* _WHAT IS BEING ASKED_:
Give back the entire listing exactly as it was provided.

* _RECORDS SUPPLIED_:

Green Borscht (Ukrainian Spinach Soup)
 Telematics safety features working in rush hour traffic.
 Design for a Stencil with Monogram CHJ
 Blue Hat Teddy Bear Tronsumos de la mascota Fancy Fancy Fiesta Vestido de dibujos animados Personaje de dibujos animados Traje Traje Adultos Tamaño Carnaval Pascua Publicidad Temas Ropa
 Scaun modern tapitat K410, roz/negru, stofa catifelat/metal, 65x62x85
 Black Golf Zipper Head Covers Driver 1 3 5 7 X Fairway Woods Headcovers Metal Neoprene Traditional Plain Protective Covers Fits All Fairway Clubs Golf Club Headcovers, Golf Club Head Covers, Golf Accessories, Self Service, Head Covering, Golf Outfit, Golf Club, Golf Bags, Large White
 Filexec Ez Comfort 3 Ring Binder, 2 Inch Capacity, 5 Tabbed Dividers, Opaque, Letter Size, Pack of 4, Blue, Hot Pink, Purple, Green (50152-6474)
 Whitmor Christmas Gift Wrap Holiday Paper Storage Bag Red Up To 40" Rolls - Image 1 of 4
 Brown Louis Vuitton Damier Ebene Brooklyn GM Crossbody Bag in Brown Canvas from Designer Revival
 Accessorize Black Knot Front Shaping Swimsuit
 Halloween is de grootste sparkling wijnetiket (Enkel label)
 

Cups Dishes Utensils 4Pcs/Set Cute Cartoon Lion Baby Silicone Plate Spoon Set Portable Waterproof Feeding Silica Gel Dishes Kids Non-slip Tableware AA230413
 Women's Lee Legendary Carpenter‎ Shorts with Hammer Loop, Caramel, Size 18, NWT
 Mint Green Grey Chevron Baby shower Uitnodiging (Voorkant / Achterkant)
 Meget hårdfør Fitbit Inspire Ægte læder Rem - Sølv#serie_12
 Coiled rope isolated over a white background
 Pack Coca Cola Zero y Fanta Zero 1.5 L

* _SOLUTION TO THIS EXERCISE_:
Green Borscht (Ukrainian Spinach Soup)
 Telematics safety features working in rush hour traffic.
 Design for a Stencil with Monogram CHJ
 Blue Hat Teddy Bear Tronsumos de la mascota Fancy Fancy Fiesta Vestido de dibujos animados Personaje de dibujos animados Traje Traje Adultos Tamaño Carnaval Pascua Publicidad Temas Ropa
 Scaun modern tapitat K410, roz/negru, stofa catifelat/metal, 65x62x85
 Black Golf Zipper Head Covers Driver 1 3 5 7 X Fairway Woods Headcovers Metal Neoprene Traditional Plain Protective Covers Fits All Fairway Clubs Golf Club Headcovers, Golf Club Head Covers, Golf Accessories, Self Service, Head Covering, Golf Outfit, Golf Club, Golf Bags, Large White
 Filexec Ez Comfort 3 Ring Binder, 2 Inch Capacity, 5 Tabbed Dividers, Opaque, Letter Size, Pack of 4, Blue, Hot Pink, Purple, Green (50152-6474)
 Whitmor Christmas Gift Wrap Holiday Paper Storage Bag Red Up To 40" Rolls - Image 1 of 4
 Brown Louis Vuitton Damier Ebene Brooklyn GM Crossbody Bag in Brown Canvas from Designer Revival
 Accessorize Black Knot Front Shaping Swimsuit
 Halloween is de grootste sparkling wijnetiket (Enkel label)
 

Cups Dishes Utensils 4Pcs/Set Cute Cartoon Lion Baby Silicone Plate Spoon Set Portable Waterproof Feeding Silica Gel Dishes Kids Non-slip Tableware AA230413
 Women's Lee Legendary Carpenter‎ Shorts with Hammer Loop, Caramel, Size 18, NWT
 Mint Green Grey Chevron Baby shower Uitnodiging (Voorkant / Achterkant)
 Meget hårdfør Fitbit Inspire Ægte læder Rem - Sølv#serie_12
 Coiled rope isolated over a white background
 Pack Coca Cola Zero y Fanta Zero 1.5 L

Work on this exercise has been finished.